(Short descriptive text snippets)

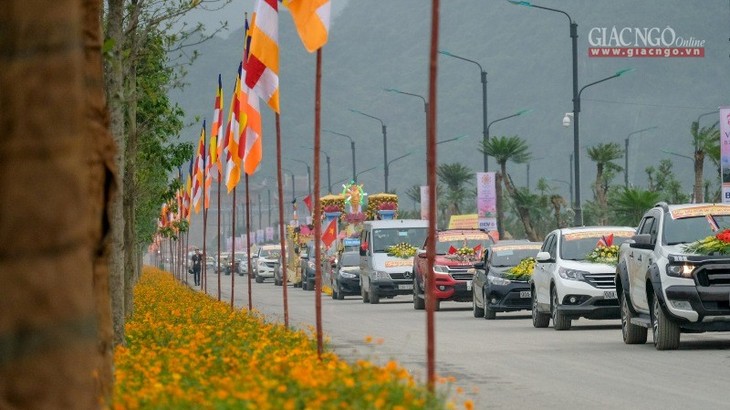 Diễu hành xe hoa trước Đại lễ Vesak tại Hà Nam - ảnh 13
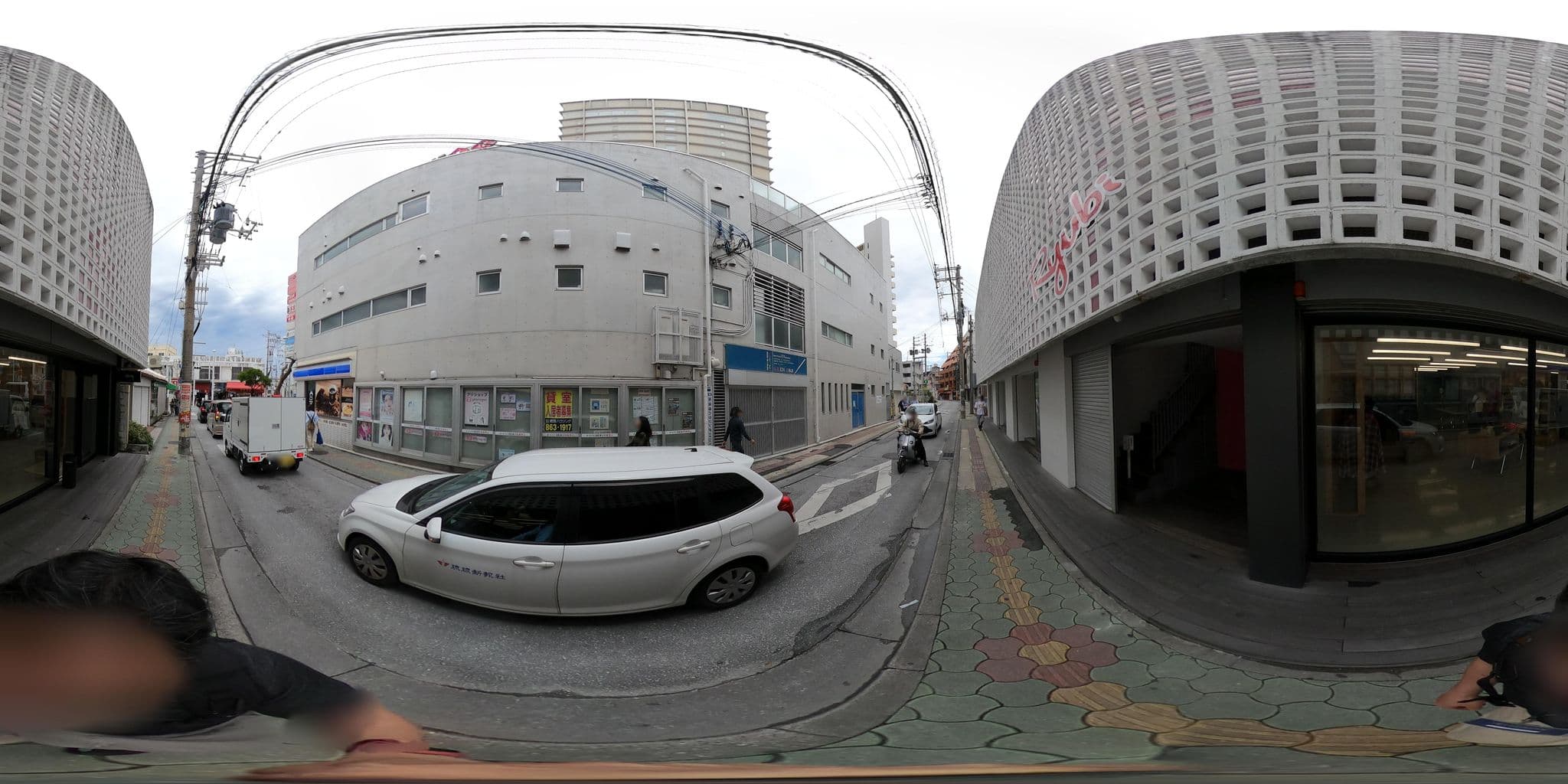 Street view near かりゆしコンドミニアムリゾート那覇 龍神ホテル浮島, Naha — © otkzh (CC BY-SA · Mapillary)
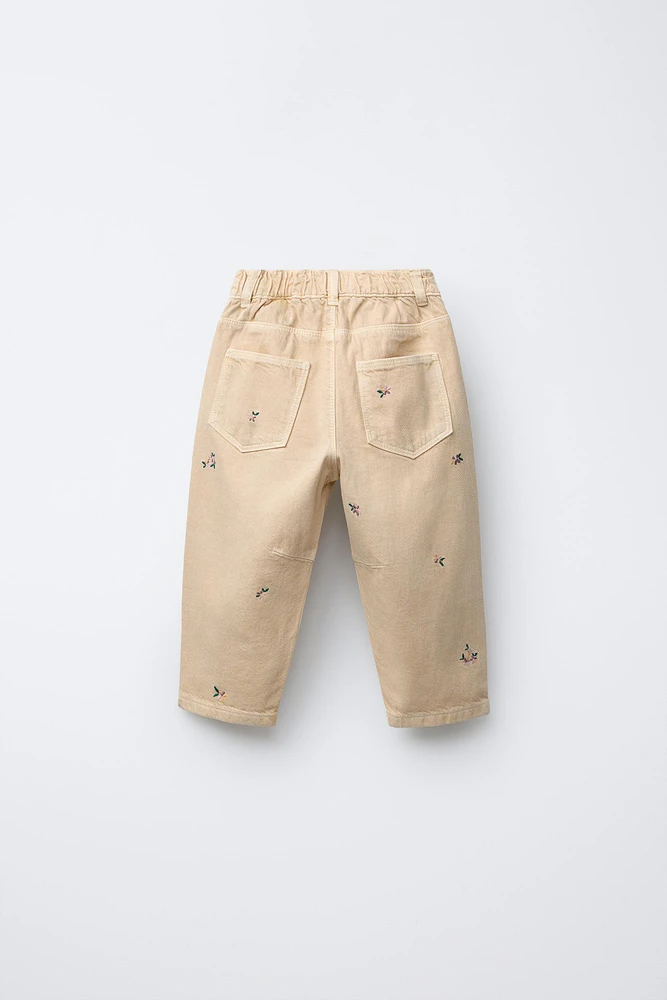 PANTALON EN SERGÉ BALLON BRODÉ FLEURS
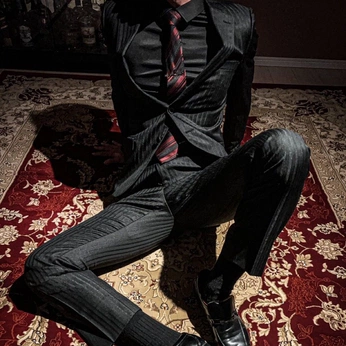 A cover of "pathetic" cluster. The owner is belladelrey. The cluster consists of 34 elements.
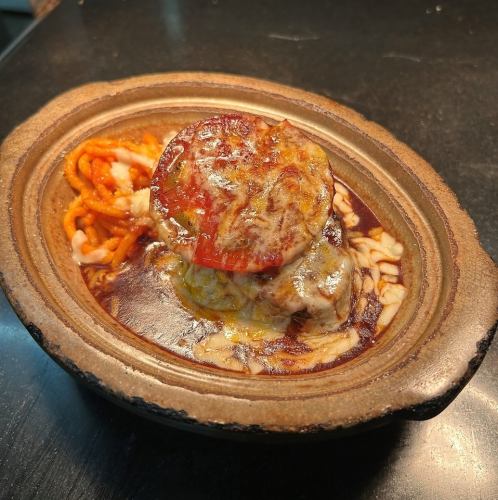 フレッシュトマトとチーズハンバーグのオーブン焼き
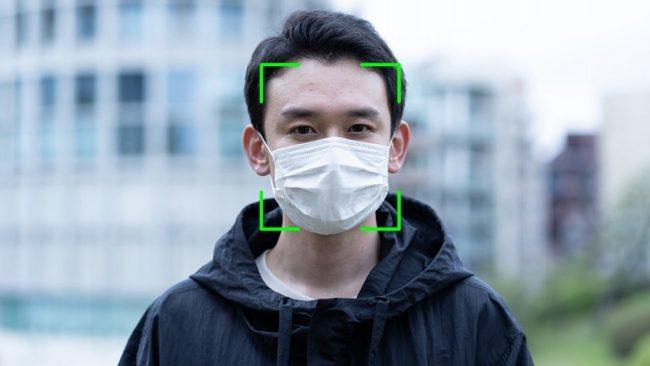 Facial recognition identifies people wearing mask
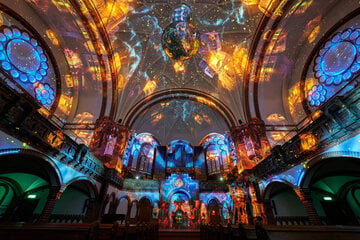 Berlin: Bass statt Orgel: Techno-Show verwandelt Berliner Kirche in Lichtermeer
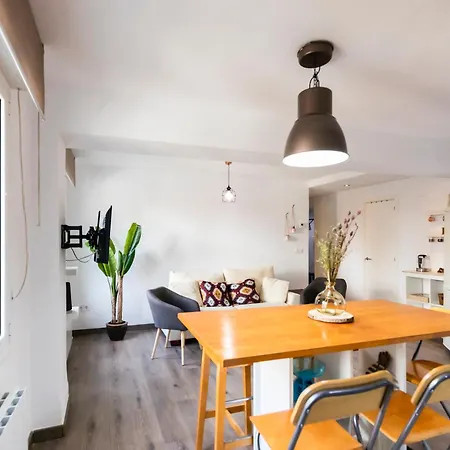 Апартаменты Akomodat En Luminoso Junto Al Paseo De La Ria Бильбао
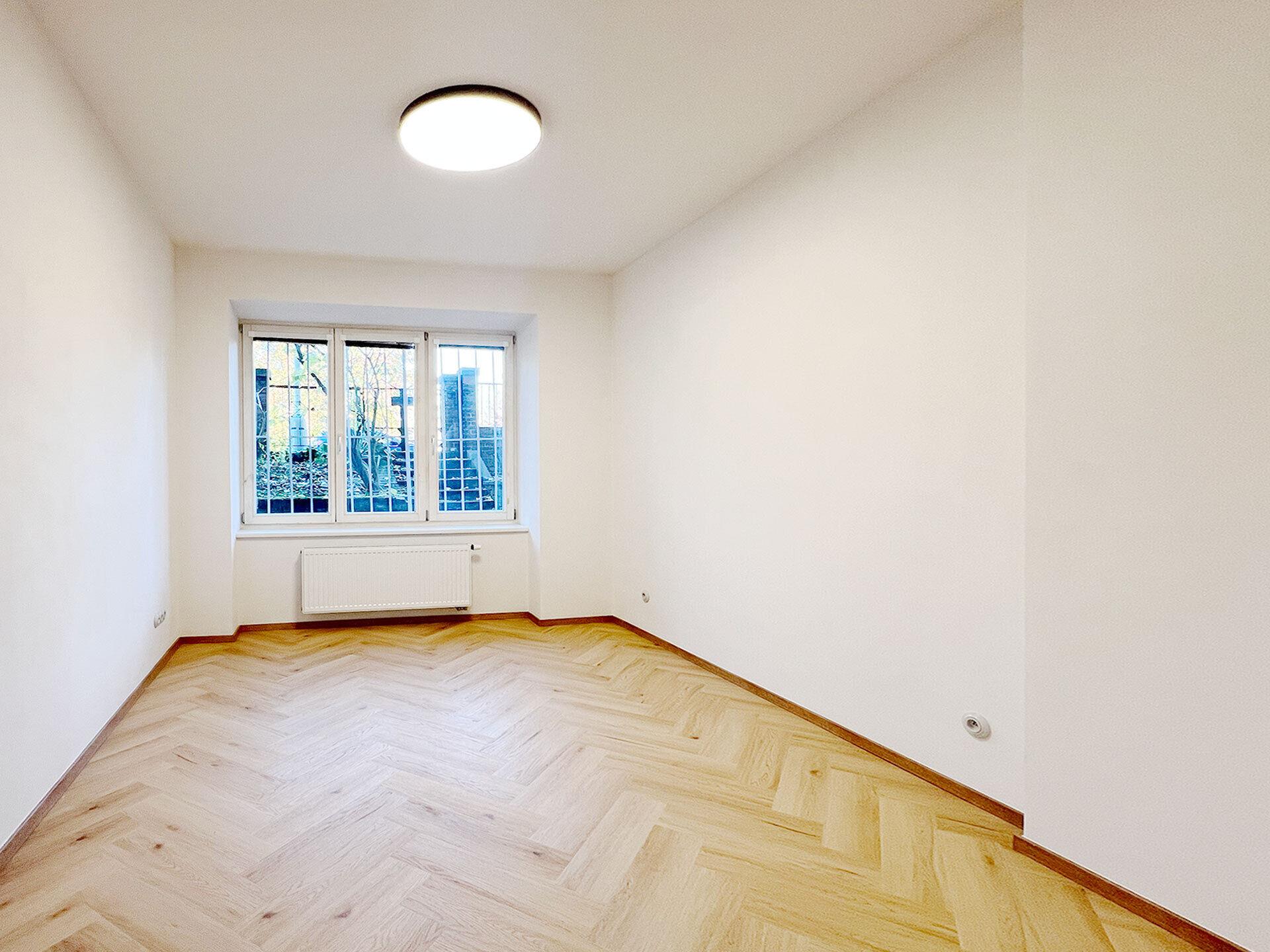 Pronájem bytu 1+1 38 m² DEJVICE - PRAHA 6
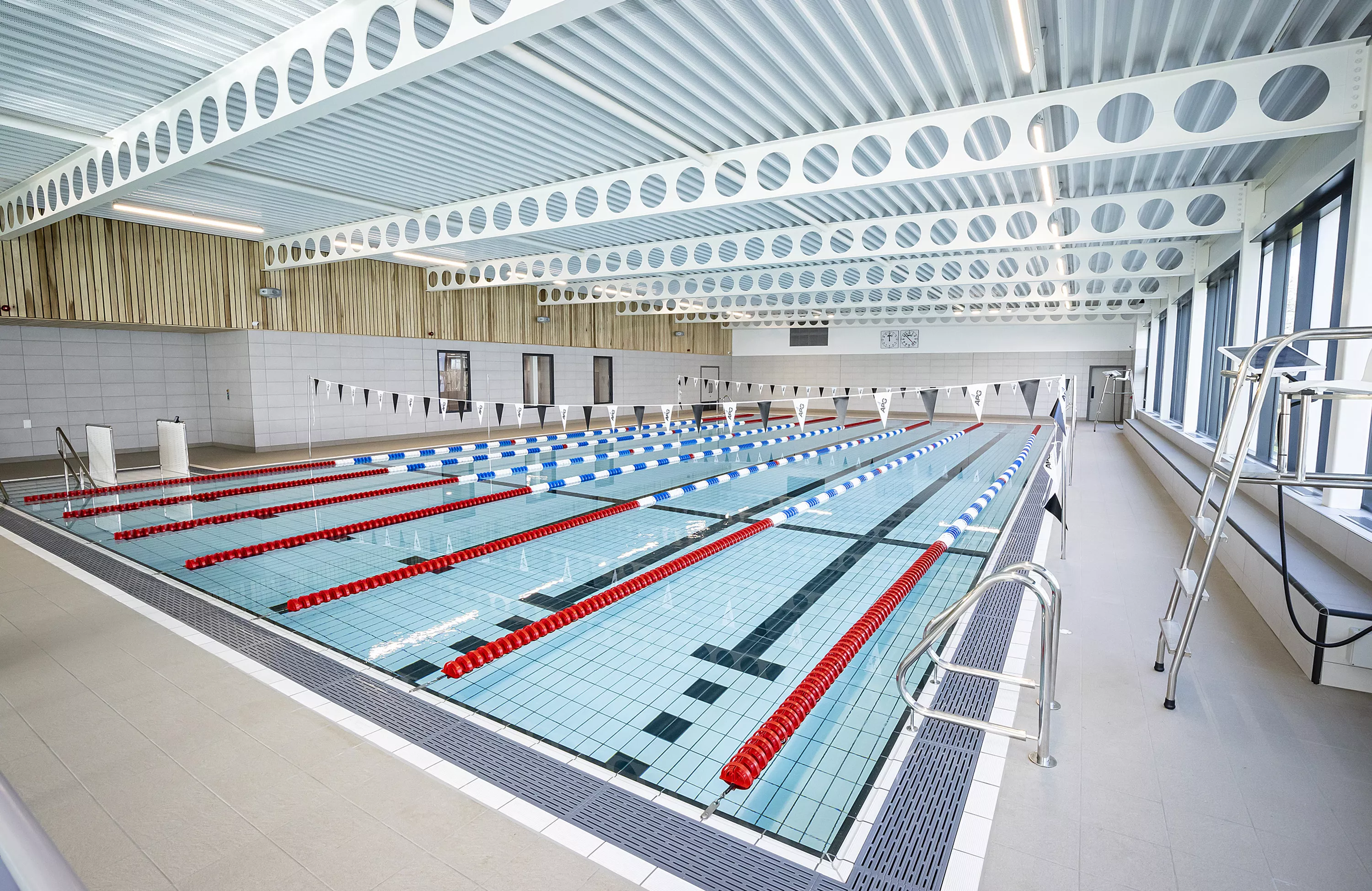 St Crispin's Leisure Centre in United Kingdom, Europe | Swimming,Squash - Rated 2.1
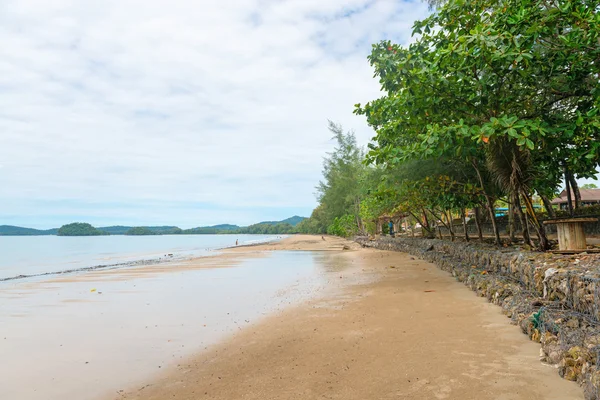 Stane długie ściany w kapelusz Nopparat Thara beach Krabi — Zdjęcie stockowe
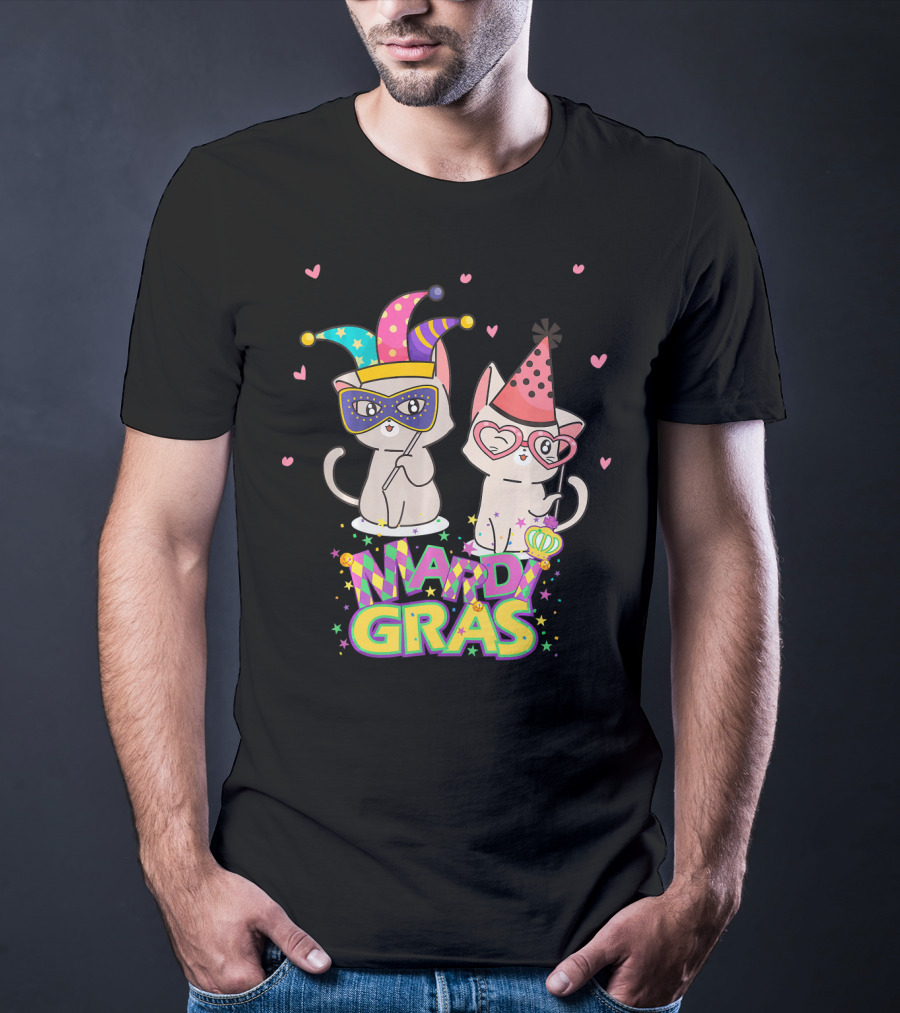 Chillin With My Cats Mardi Gras Party Masks And Hearts T-Shirt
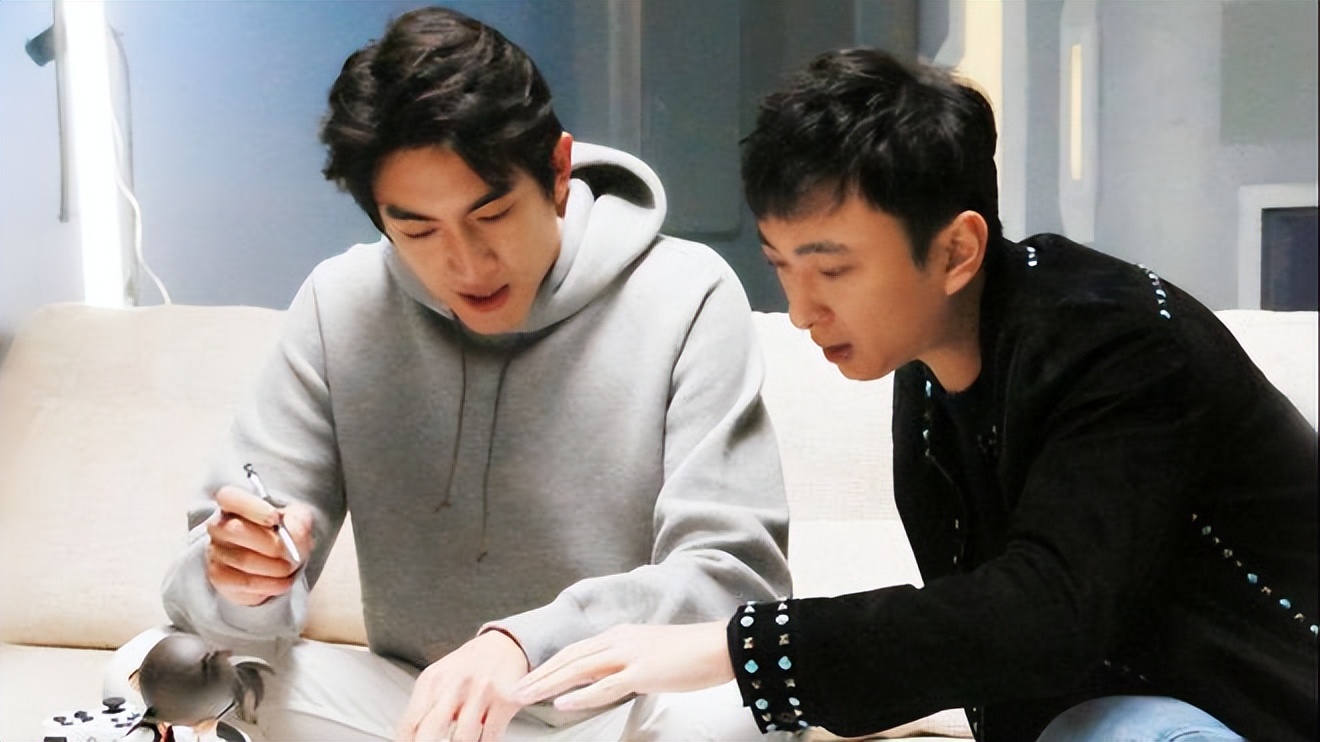 万达少爷王思聪，他的“消失”其实早就有迹可循，这是踢到铁板了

What you should do -
In the copy, every entry must appear exactly as written, and no picture may appear.

Exercise response -
 Diễu hành xe hoa trước Đại lễ Vesak tại Hà Nam - ảnh 13
 Street view near かりゆしコンドミニアムリゾート那覇 龍神ホテル浮島, Naha — © otkzh (CC BY-SA · Mapillary)
 PANTALON EN SERGÉ BALLON BRODÉ FLEURS
 A cover of "pathetic" cluster. The owner is belladelrey. The cluster consists of 34 elements.
 フレッシュトマトとチーズハンバーグのオーブン焼き
 Facial recognition identifies people wearing mask
 Berlin: Bass statt Orgel: Techno-Show verwandelt Berliner Kirche in Lichtermeer
 Апартаменты Akomodat En Luminoso Junto Al Paseo De La Ria Бильбао
 Pronájem bytu 1+1 38 m² DEJVICE - PRAHA 6
 St Crispin's Leisure Centre in United Kingdom, Europe | Swimming,Squash - Rated 2.1
 Stane długie ściany w kapelusz Nopparat Thara beach Krabi — Zdjęcie stockowe
 Chillin With My Cats Mardi Gras Party Masks And Hearts T-Shirt
 万达少爷王思聪，他的“消失”其实早就有迹可循，这是踢到铁板了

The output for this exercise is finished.